Information supplied:
★ ★ ★
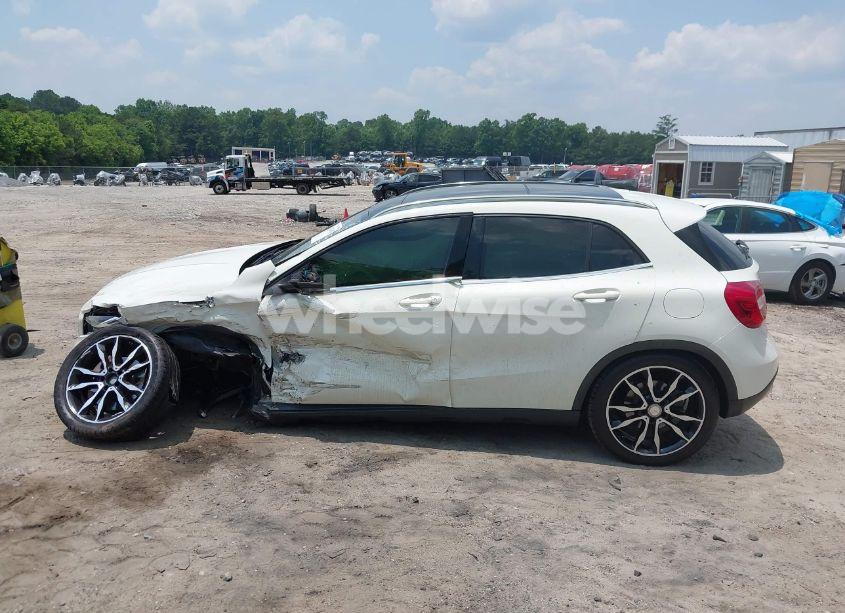 Photo 14 of 2015 Mercedes-benz Gla 250 (VIN WDCTG4EB7FJ110325)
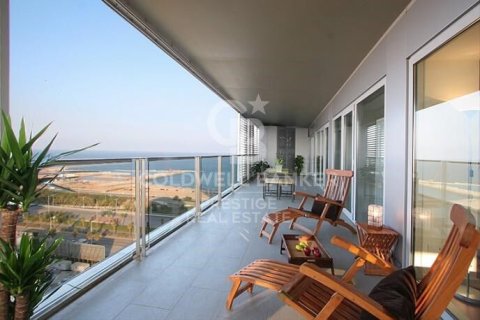 Apartamento de 4 dormitorios en venta en Barcelona, Cataluña, Spain № 5999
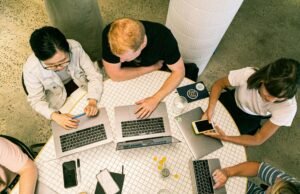 Digital Marketing Institutes: Are Industry Mentors Worth It? Digital Marketing Institutes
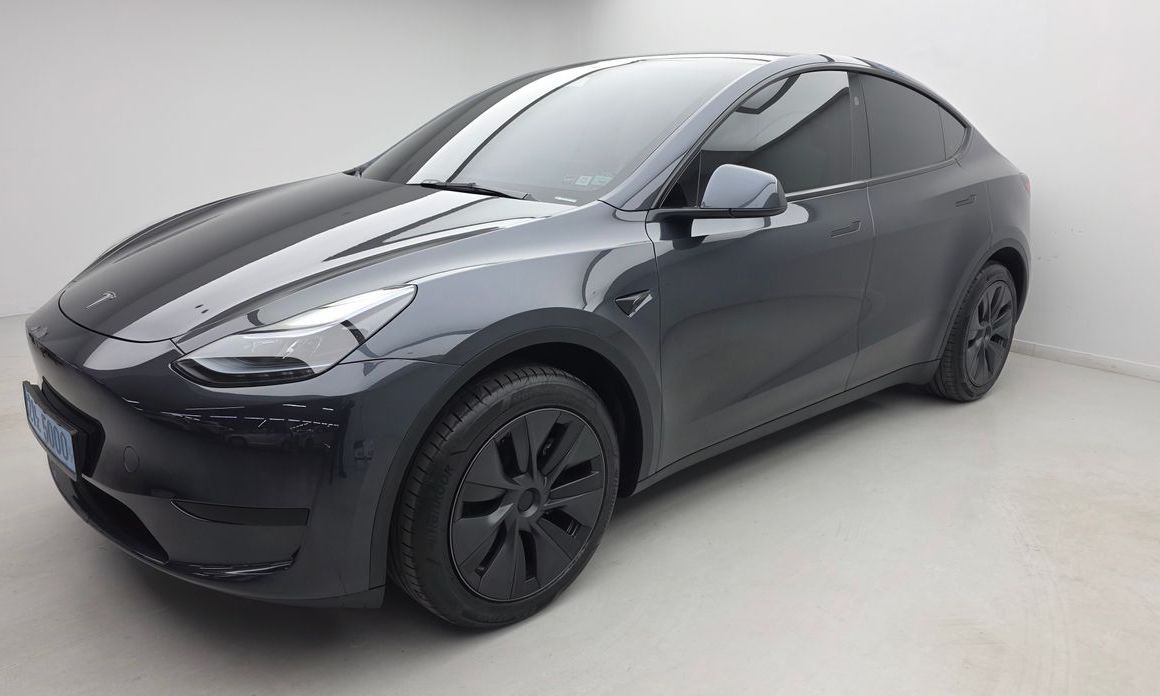 Tesla Model Y 2025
★ ★ ★
Requirement:
An exact copy of the data is required, with the pictures excluded.

Exercise solution:
 Photo 14 of 2015 Mercedes-benz Gla 250 (VIN WDCTG4EB7FJ110325)
 Apartamento de 4 dormitorios en venta en Barcelona, Cataluña, Spain № 5999
 Digital Marketing Institutes: Are Industry Mentors Worth It? Digital Marketing Institutes
 Tesla Model Y 2025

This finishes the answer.